From this (poor man's SpringFramework) you can start putting pieces in there proper place. The JDBC logic goes into a custom query service. That object has only logic to run arbitrary JDBC iterate records and call methods on the given interfaces. I made the setter methods "self returning" as it's a pattern I follow often. (See my blog entry on the topic: http://codeforfun.wordpress.com/2006/06/23/avoid-a-void/) They're also cleverly named so it looks like you're building the object up incrementally. 90% of the code for the query service (everything except for the result filter stuff) can be found in the SpringFramework if you're not up to writing it yourself. The QueryService is really just a framework for running SQL and turning it into business objects.

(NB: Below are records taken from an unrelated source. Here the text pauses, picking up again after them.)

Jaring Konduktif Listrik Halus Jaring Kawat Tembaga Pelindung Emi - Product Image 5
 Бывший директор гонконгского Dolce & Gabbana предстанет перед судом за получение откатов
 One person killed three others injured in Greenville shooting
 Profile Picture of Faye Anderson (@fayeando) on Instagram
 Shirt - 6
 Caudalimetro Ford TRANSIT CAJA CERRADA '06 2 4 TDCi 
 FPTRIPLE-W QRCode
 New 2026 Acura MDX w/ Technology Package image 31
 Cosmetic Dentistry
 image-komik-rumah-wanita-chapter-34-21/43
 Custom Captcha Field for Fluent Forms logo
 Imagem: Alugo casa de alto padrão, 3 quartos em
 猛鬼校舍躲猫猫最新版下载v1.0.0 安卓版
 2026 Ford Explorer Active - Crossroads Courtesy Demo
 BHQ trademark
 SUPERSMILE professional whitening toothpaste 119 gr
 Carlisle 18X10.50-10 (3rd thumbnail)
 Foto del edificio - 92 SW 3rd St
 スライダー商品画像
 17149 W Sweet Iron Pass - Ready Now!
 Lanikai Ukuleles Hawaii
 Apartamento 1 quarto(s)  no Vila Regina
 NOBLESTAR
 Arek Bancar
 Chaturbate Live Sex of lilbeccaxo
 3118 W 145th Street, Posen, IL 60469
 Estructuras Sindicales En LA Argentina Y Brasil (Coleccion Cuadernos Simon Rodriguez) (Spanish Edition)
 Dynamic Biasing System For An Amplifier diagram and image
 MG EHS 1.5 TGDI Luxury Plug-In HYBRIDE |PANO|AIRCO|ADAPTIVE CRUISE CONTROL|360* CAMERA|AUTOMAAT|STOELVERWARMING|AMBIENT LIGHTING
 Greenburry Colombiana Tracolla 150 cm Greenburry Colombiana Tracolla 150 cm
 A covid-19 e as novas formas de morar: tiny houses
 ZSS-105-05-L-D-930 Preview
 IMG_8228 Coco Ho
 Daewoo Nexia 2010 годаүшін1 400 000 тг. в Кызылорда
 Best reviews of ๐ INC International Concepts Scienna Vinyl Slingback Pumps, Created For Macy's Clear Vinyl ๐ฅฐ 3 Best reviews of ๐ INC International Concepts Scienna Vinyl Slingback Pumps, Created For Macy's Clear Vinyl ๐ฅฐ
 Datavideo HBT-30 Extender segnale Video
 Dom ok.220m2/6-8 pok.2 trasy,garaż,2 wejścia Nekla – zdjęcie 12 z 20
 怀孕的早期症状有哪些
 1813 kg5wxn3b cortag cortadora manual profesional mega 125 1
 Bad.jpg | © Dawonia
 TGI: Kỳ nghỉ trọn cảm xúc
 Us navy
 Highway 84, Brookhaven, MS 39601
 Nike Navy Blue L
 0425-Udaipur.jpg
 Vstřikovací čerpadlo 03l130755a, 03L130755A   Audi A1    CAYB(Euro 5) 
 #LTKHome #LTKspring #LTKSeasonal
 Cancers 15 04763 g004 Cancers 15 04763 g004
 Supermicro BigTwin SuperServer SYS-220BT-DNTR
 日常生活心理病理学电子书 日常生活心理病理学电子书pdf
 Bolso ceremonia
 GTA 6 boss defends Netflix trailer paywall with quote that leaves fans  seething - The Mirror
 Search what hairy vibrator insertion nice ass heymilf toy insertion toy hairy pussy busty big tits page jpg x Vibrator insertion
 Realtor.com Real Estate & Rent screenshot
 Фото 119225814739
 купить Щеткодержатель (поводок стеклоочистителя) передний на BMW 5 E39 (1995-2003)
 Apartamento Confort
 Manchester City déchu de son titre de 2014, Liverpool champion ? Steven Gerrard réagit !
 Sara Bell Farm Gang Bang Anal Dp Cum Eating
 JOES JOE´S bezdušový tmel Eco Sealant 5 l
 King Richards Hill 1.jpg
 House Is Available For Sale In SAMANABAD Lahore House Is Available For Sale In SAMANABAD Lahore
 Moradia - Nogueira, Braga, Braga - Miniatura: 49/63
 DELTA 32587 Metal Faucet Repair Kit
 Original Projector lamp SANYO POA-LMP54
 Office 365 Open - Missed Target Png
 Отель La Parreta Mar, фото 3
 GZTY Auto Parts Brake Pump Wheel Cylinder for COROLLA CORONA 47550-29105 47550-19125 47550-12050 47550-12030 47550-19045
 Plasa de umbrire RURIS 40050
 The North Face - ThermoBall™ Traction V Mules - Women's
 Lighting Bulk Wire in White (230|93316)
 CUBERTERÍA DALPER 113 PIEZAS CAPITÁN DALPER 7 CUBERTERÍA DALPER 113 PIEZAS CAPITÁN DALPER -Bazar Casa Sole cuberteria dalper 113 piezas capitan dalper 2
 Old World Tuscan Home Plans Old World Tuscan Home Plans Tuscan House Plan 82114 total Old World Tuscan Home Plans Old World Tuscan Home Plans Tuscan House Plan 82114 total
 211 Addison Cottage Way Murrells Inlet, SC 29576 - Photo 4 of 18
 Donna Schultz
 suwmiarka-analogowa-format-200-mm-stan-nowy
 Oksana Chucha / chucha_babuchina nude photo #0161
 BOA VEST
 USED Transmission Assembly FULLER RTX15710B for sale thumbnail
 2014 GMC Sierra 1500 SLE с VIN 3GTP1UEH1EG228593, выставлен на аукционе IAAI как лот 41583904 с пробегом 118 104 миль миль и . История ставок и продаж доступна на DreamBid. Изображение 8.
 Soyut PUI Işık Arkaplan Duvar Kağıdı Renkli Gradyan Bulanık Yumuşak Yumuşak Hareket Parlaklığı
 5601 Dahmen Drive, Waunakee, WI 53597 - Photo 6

My example leaves a lot of things out. That's the fill in the blank part. you "fill in" the tables involved with constructing the business objects using a SQL string. You "fill in" the logic that maps the columns in the resultset to the business oject. You "fill in" implmentations of all the interfaces, each of which is focused on ONE thing. Then there's the connect the dots part. You write a little bit of glue code to put the pieces all together. This code create the Business object repository and plugs in the filtering logic, the query service and the other interface implementations and then the repository is ready for you to ask for the final collection. All logic is pipelined so that the result is the trimmed down list containing only what you wanted.

jbaisden

ASKER

I feel that I ought to add a comment to explain my point distribution. Ultimately, it was karanw approach that solved this issue. Despite this, I cannot let all you effort go without reward Dizzy, especially in light of the fact that Karanw made only 1 post.

I am very appreciative of both of your feedback. This will be a question that I will come back to and reread to see what all was stated.

Thank you both again for your time.